Recently, Alabama faced the devastating news that mandatory certification of court reporters could possibly cease to exist October 1, 2010. What began as a sunset bill (SB564), with no controversial issues, should have passed quickly and without opposition. However, the bill was amended on the floor of the legislature without the knowledge of the Alabama Court Reporters Association -- and with a misrepresentation that ACRA and the Alabama Board of Court Reporting were in agreement with the amendments when, in fact, we knew nothing about them.

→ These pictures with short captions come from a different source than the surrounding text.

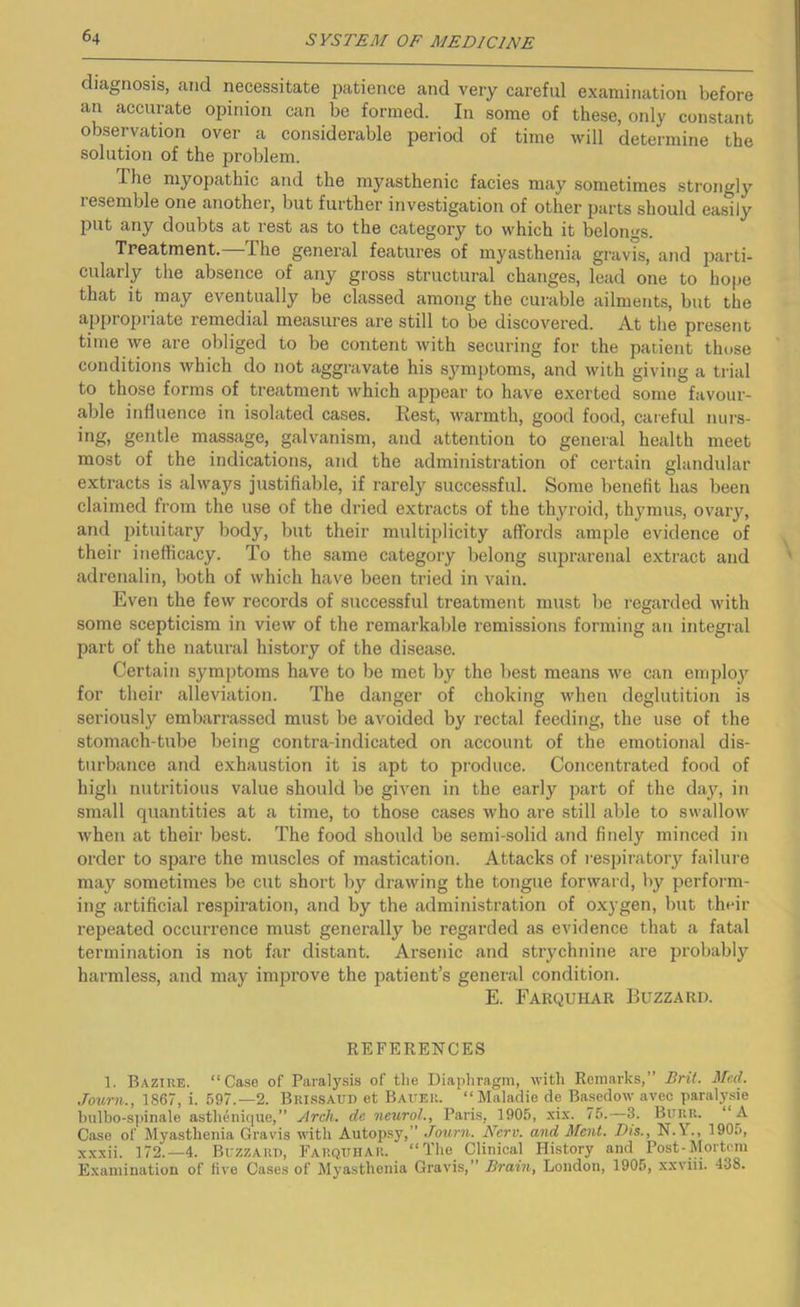 diagnosis, and necessitate patience and very careful examination before an accurate opinion can be formed. In some of these, only constant observation over a considerable period of time will determine the solution of the problem. The myopathic and the myasthenic facies may sometimes strongly resemble one another, but further investigation of other parts should easily put any doubts at rest as to the category to which it belongs. Treatment.—The general features of myasthenia gravis, and parti- cularly the absence of any gross structural changes, lead one to hope that it may eventually be classed among the curable ailments, but the appropriate remedial measures are still to be discovered. At the present time we are obliged to be content with securing for the patient those conditions which do not aggravate his symptoms, and with giving a trial to those forms of treatment which appear to have exerted some favour- able influence in isolated cases. Rest, warmth, good food, careful nurs- ing, gentle massage, galvanism, and attention to general health meet most of the indications, and the administration of certain glandular extracts is always justifiable, if rarely successful. Some benefit has been claimed from the use of the dried extracts of the thyroid, thymus, ovary, and pituitary body, but their multiplicity affords ample evidence of their ineflicacy. To the same category belong suprarenal extract and adrenalin, both of which have been tried in vain. Even the few records of successful treatment must be regarded with some scepticism in view of the remarkable remissions forming an integral part of the natural history of the disease. Certain symptoms have to be met by the best means we can eniplo)^ for their alleviation. The danger of choking when deglutition is seriously embarrassed must be aAmided by rectal feeding, the use of the stomach-tube being contra-indicated on account of the emotional dis- turbance and exhaustion it is apt to produce. Concentrated food of high nutritious value shoidd be given in the early part of the day, in small quantities at a time, to those cases who are still able to swallow when at their best. The food should be semi-solid and finely minced in order to spare the muscles of mastication. Attacks of i-espiratory failure may sometimes be cut short by drawing the tongue forward, by perform- ing artificial respiration, and by the administration of oxygen, but their repeated occurrence must generally be regarded as evidence that a fatal termination is not far distant. Arsenic and strychnine are probably harmless, and may improve the imtient’s genei-al condition. E. Farquhar Buzzard. REFERENCES 1. Bazike. “Case of Paralysis of tlie Diapliragni, with Remarks,” Bril. Med. Journ., 1867, i. 597.-2. Brissaud et Batter. “ Maladie de Basedow avec paralysie bulbo-s]iinale astbdnique,” Arch, de neurol., Paris, 1905, xix. 75.—3. Burr. “A Case of Myasthenia Gravis with Autopsy,” Journ. Nerv. and Ment. Dis., N.Y., 1905, xxxii. 172.—4. Buzzard, Fauqttitar. “The Clinical History and Post-Mortem Examination of five Cases of Myasthenia Gravis,” Brain, London, 1905, xxviii. 438.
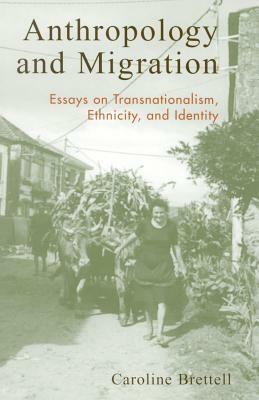 Anthropology and Migration: Essays on Transnationalism, Ethnicity, and Identity by Caroline B. Brettell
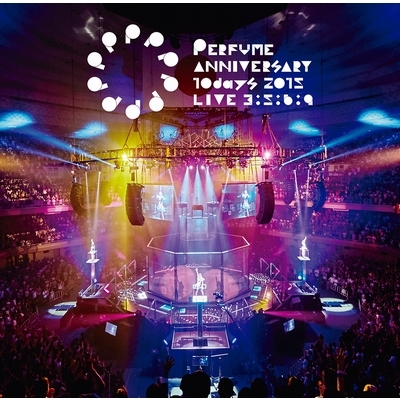 Perfume Anniversary 10days 2015 PPPPPPPPPP「LIVE ３：５：６：９ ...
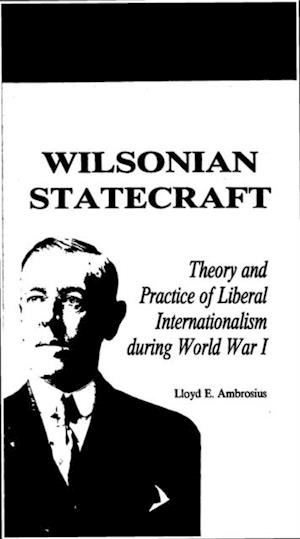 Wilsonian Statecraft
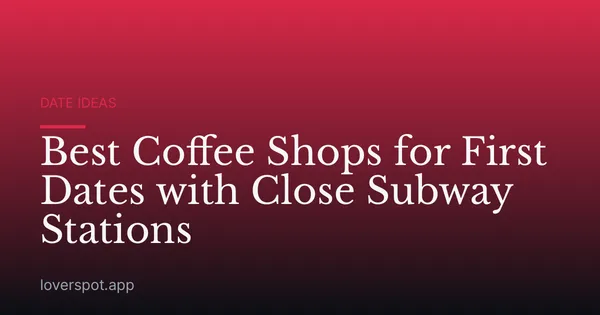 Best Coffee Shops for First Dates with Close Subway Stations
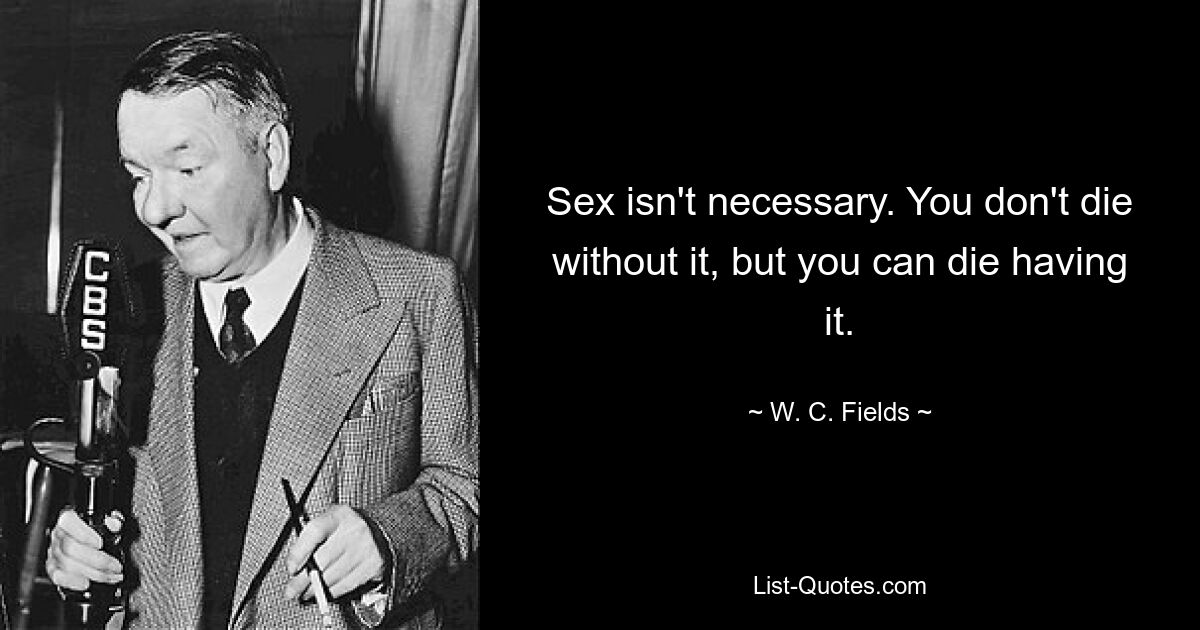 Sex isn't necessary. You don't die without it, but you can die having it. — © W. C. Fields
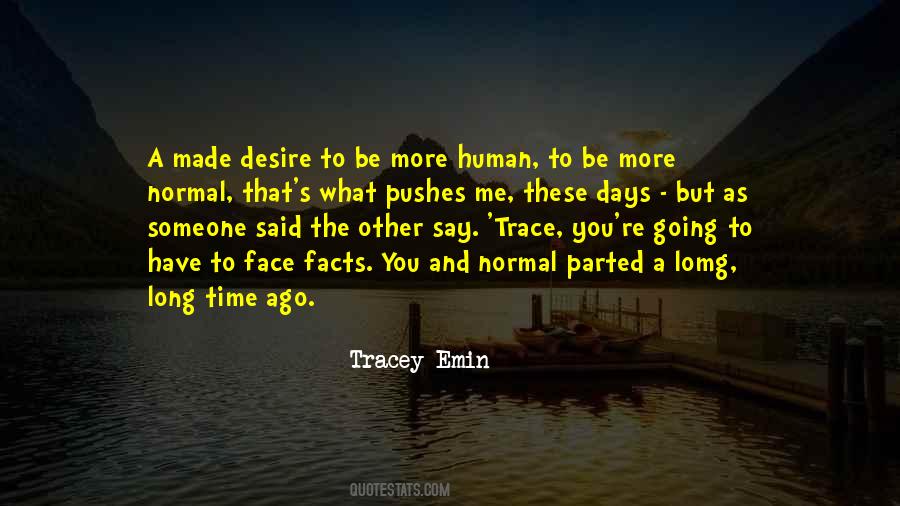 Humanity And Reality Quotes #1500014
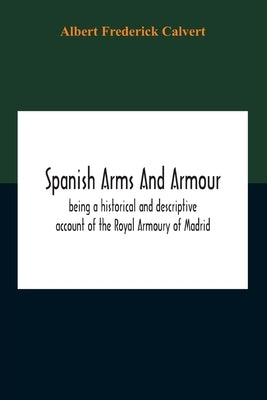 Spanish Arms And Armour, Being A Historical And Descriptive Account Of The Royal Armoury Of Madrid by Frederick Calvert, Albert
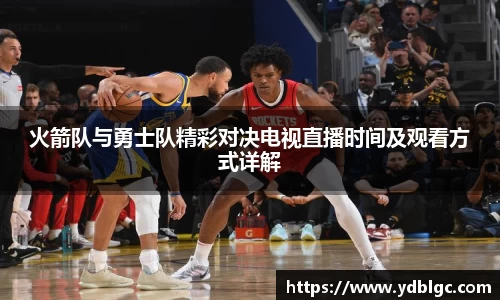 火箭队与勇士队精彩对决电视直播时间及观看方式详解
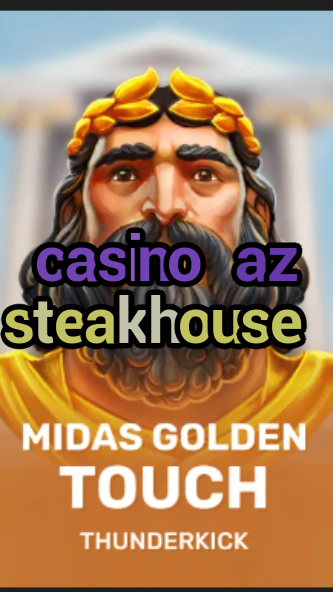 casino az steakhouse-budgetcasinoroyale.3xn3u5udepyz9m9w5iat.com
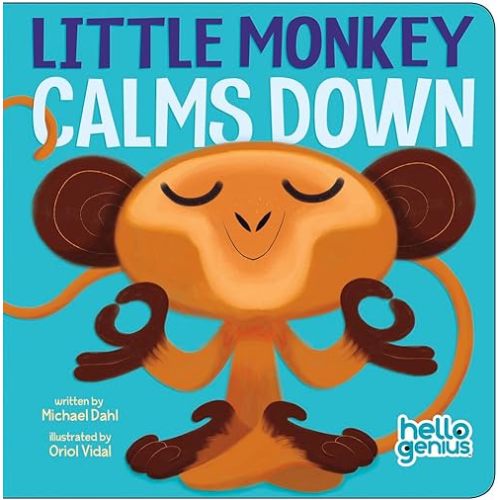 Little Monkey Calms Down (Hello Genius) Board book – January 31, 2014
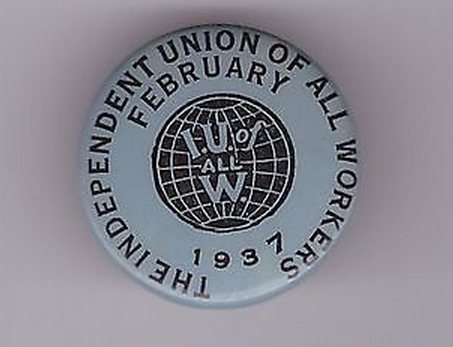 Organizing "wall-to-wall": the Independent Union of All Workers (1933-1937) - Peter Rachleff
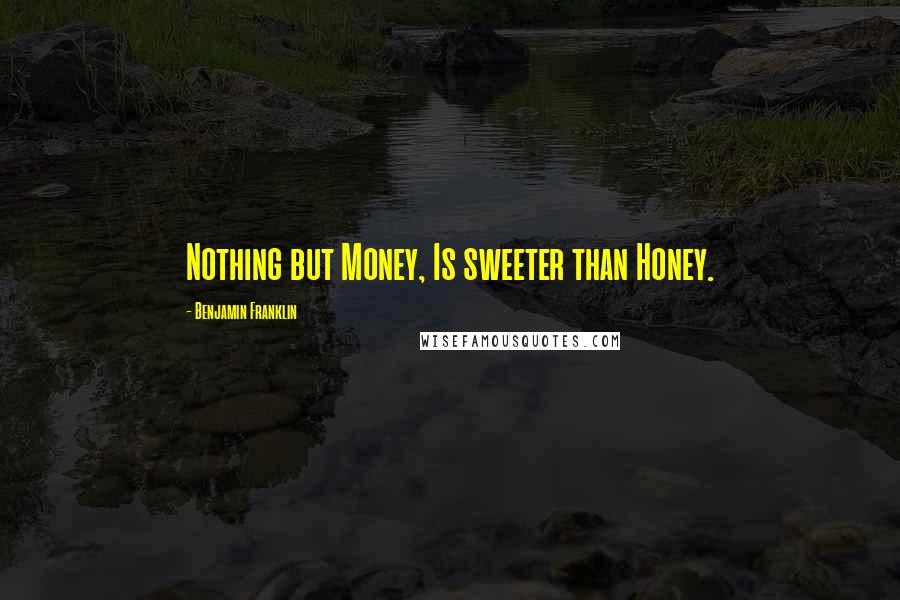 Benjamin Franklin Quotes: Nothing but Money, Is sweeter than Honey.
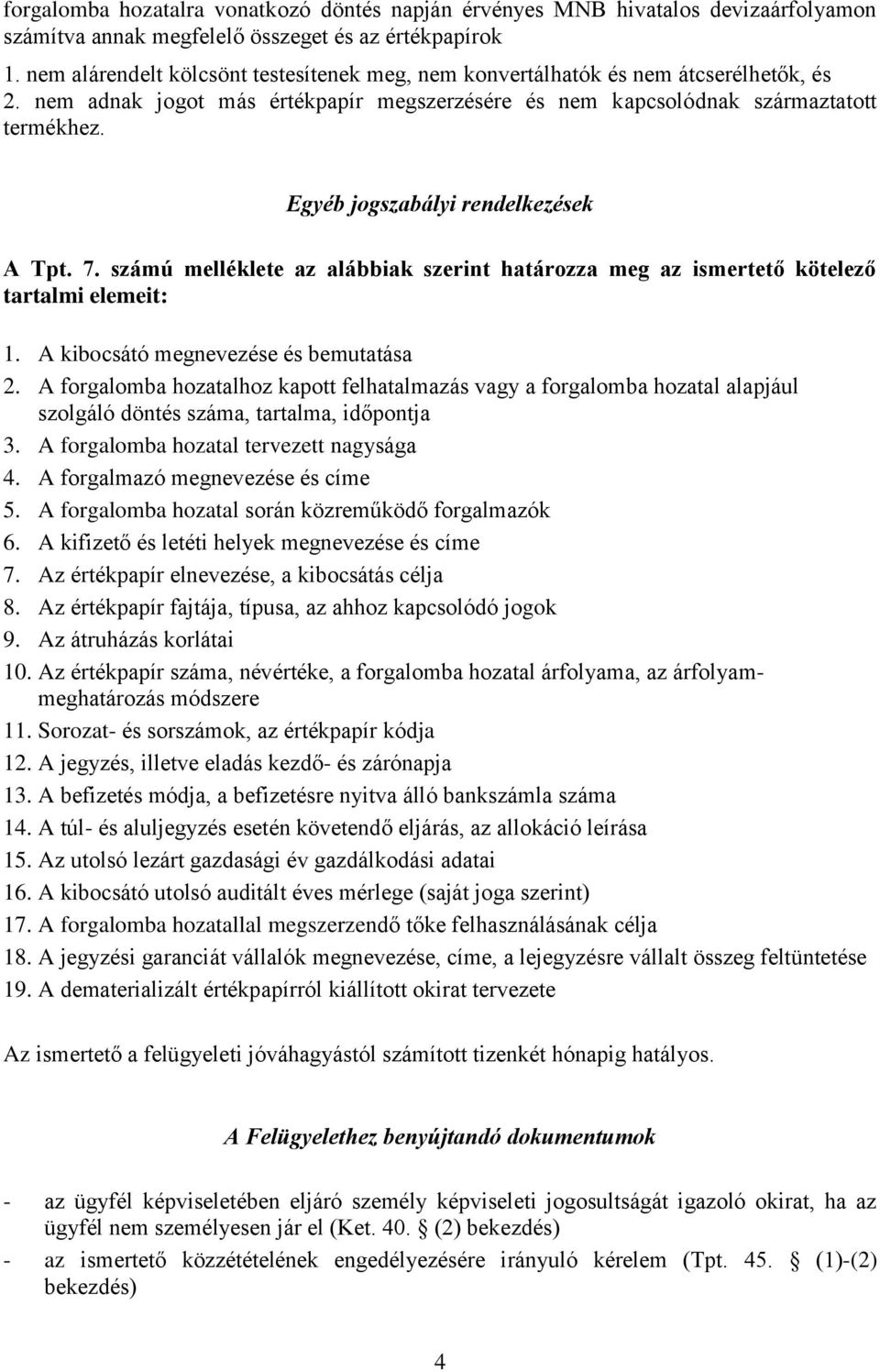 Egyéb jogszabályi rendelkezések A Tpt. 7. számú melléklete az alábbiak szerint határozza meg az ismertető kötelező tartalmi elemeit: 1. A kibocsátó megnevezése és bemutatása 2.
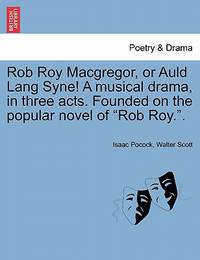 Rob Roy MacGregor, or Auld Lang Syne! a Musical Drama, in Three Acts. Founded on the Popular...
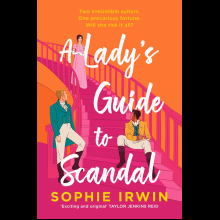 Книга на английском языке "A Lady`S Guide To Scandal", Sophie Irwin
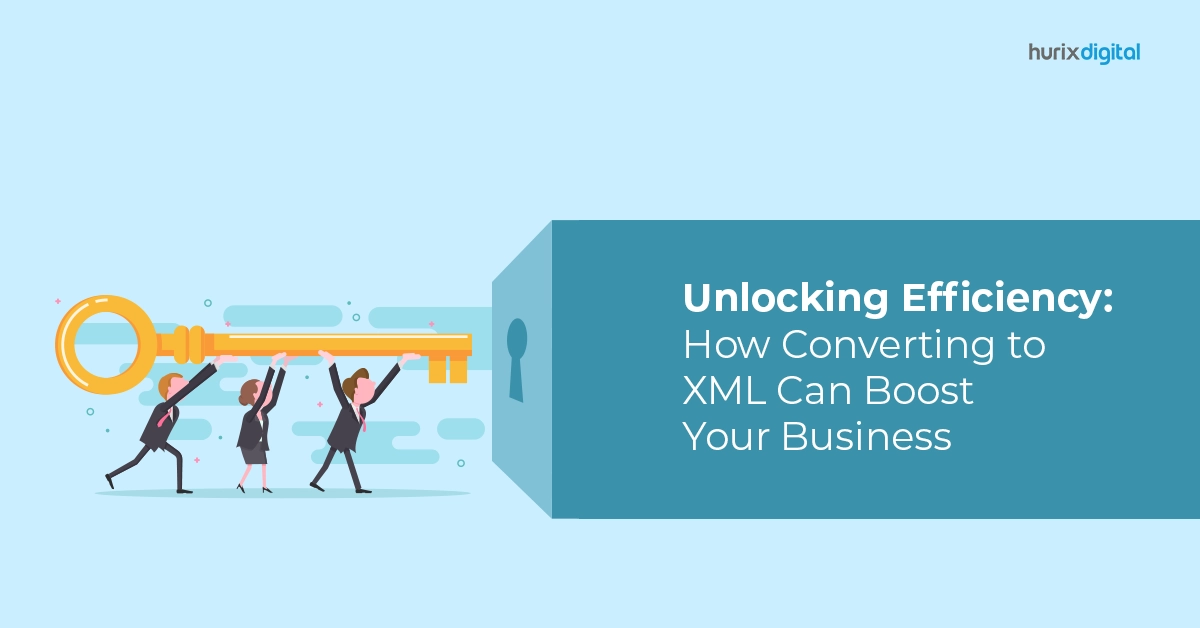 Unlocking Efficiency: How Converting to XML Can Boost Your Business?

Those who sought to undermine many years of hard work in obtaining certification in our state were assisted by the powerful trial lawyers association, the Alabama Association for Justice, who were possibly victims of misrepresentation as well.

ABCR and ACRA immediately began intense grassroots efforts, and court reporters became a daily presence at the Alabama State House. As a result of the training ACRA leaders received at NCRA’s Legislative Boot Camp, we were able to implement those grassroots efforts Sheree Cater and I had learned, and SB564 successfully passed the Senate and the House and now has Governor Riley’s signature. With only minimal amended language in the bill, our efforts have paid off! Boot Camp provided us the knowledge, skills, and confidence to take action and achieve positive results.

Mary Hicks, RPR, is president-elect of the Alabama Court Reporters Association.